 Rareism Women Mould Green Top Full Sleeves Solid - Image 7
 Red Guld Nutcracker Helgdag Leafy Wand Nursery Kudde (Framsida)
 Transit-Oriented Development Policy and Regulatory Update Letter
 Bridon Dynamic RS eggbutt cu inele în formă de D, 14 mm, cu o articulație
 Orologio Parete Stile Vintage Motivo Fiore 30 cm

——

### Your objective
Return, word for word, each line from the one that contains "Red Guld Nutcracker" through the end of the listing above.

### Written solution
 Red Guld Nutcracker Helgdag Leafy Wand Nursery Kudde (Framsida)
 Transit-Oriented Development Policy and Regulatory Update Letter
 Bridon Dynamic RS eggbutt cu inele în formă de D, 14 mm, cu o articulație
 Orologio Parete Stile Vintage Motivo Fiore 30 cm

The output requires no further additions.